When looking at our changing organisation, these questions leading from “content is king”, should provide enough context that will identify the specific problem that the training attempts to address.
Here’s our round-up of take-outs.
Justine LaRoche, Director, Spring Point, on Demonstrating the impact of learning opened with the provocative question “do we care if they loathe it?” The assumption for the rest of the session was, we do.
We know that people have more expectations of their digital training, there are more complaints, and there’s more readily-available information out in the ether. Training is a big job motivator – particularly for the millennials. If someone can get training as part of a job, they’ll be inclined to use that training and remain in the job with an employer that’s developing them.
Bernard Salt on developing the talent that Australia will need in the 2020s, opening his presentation posing the question;
“Australia in the 2020s. Is it a good place for our young people to be?”

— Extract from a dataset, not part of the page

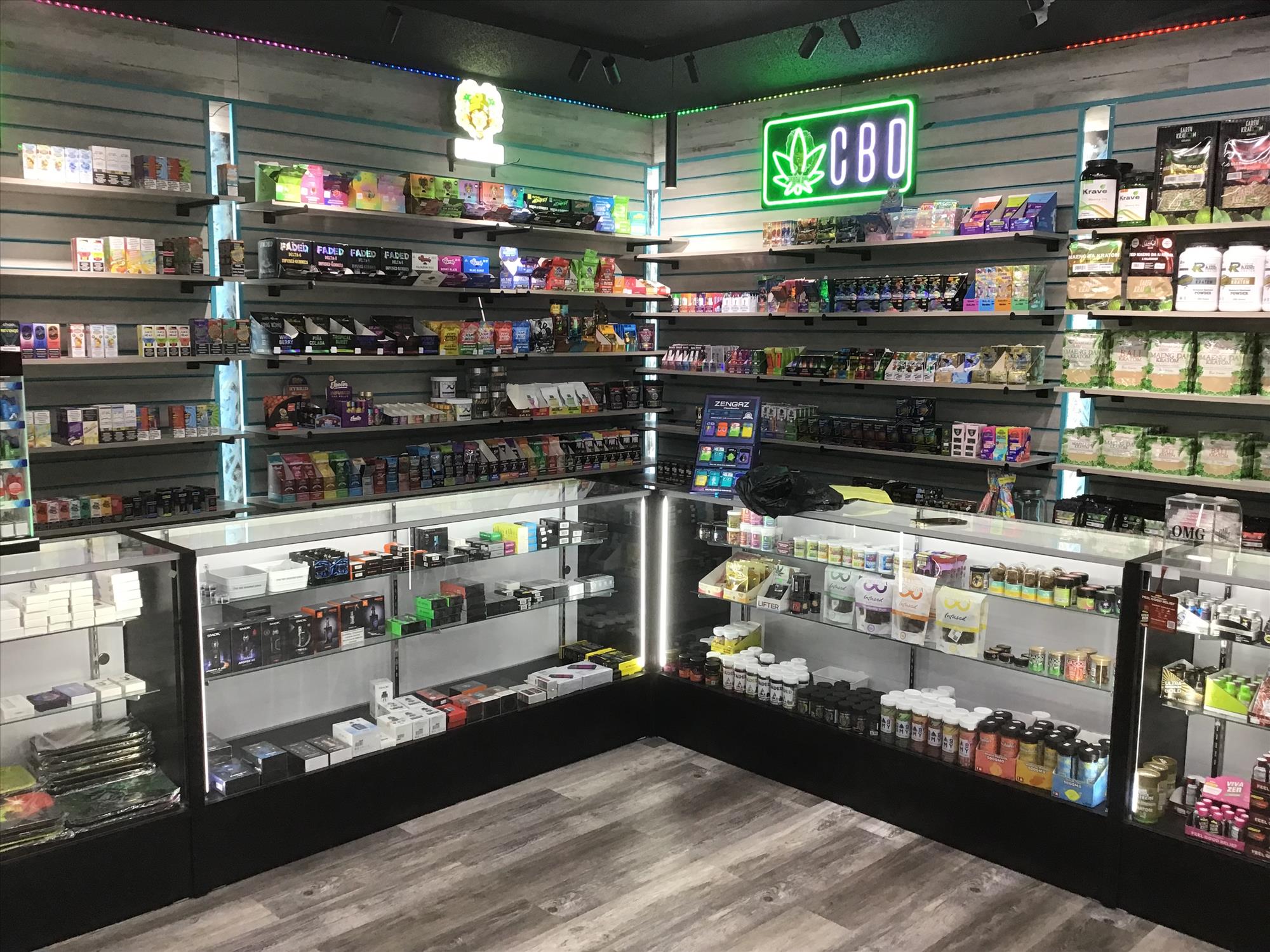 Lillian Hwy Smoke Shop in Pensacola, FL United States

Australia is a Fusion culture. Looking to the future our culture is increasingly Indian, Asian and Arabic. We are an outward looking people with a malleable, adaptable culture. Adaptability is our greatest skill. People can fit in here and bring skill set and transition.
Engagement through education is an opportunity. There is a need to fill the connection gap. We are looking for a new way to create a sense of community and tribalism.

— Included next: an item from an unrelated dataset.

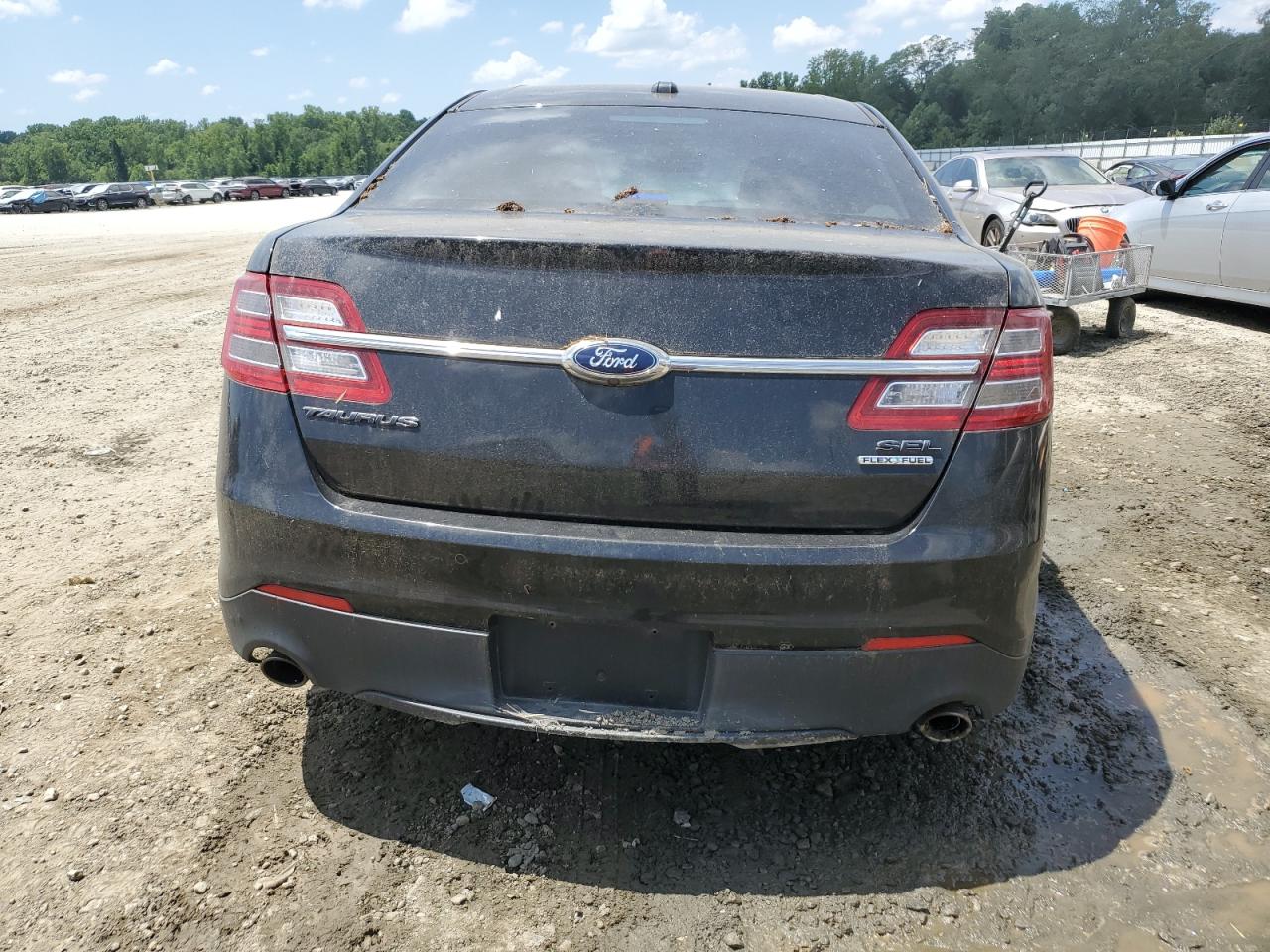 1FAHP2E88EG133537 2014 Ford Taurus Sel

Our greatest challenge in the 21st century is on promoting inclusion and engaging an authentic community. Digital disruption is polarising the workforce. Adaptability, fluidity, flexibility and being articulate are the biggest skills required to future proof careers.
Buzzwords were aplenty across the conference. Making training “learner-centric”, “shorter”, “relevant”, while using elements of “gamification” and “storytelling”. Learner-centric and relevant basically describe the same thing, ‘shorter’ is a business objective in the world of online learning, and ‘gamification’ is a word used to describe concepts that are usually shoe-horned into training by people who don’t play videogames.
We strongly agree with storytelling. Kineo’s Lead Learning Designer for course content, Jonathon Klynsmith believes that a deep understanding of a narrative approach to training is vital, for clearly structuring training to the learner.
Also, video was highlighted as the “most engaging medium”. It’s certainly popular, yet what is the science behind measuring engagement? How are we measuring ‘behavioural change’ in our learners?
The go-to-market strategy is an interesting consideration from a learning design perspective. We’re seeing more and more learning ‘campaigns.’ For example, fake spam emails designed to assess the learner base, or preliminary ‘breadcrumb’ information about training information being delivered to workforces prior to the training. This is something that L&D should start considering.
When you consider implementation, think about:
- Eliminating barriers
- Enrolling your learners
- Timing the training well, and
- How are you using your LMS?
Jonathan adds that “Culture (to me) requires a real mindset change to combat the ‘grudge’ learner.
On the myths of microlearning
Microlearning as a tool born out of necessity – Deloitte reports that only 1% of people’s time a week is spent on staff training.
“Content first – modality last”.
AI was also picked up as the biggest workforce opportunity. In the realms of our changing workplace, automation can be incredibly assistive for taking away mundane repetitive tasks and replacing them with opportunity for more humanistic activities where employees can benefit from broadening their skillset. Also taking more value and pride from their work. We aren’t needing to build soft skills, these are essential skills.
‘easy A learning’ was a strong theme in the conference: Developing empathy, resilience, compassion and wellbeing as essential to preparing people for the modern world of work. Enhancing what makes us human.
Only time will tell if the above is fully realised. Looking forward to seeing what the message is, along with new and exciting learning opportunity. One thing is clear it’s going to be an interesting journey that will keep us all on our toes.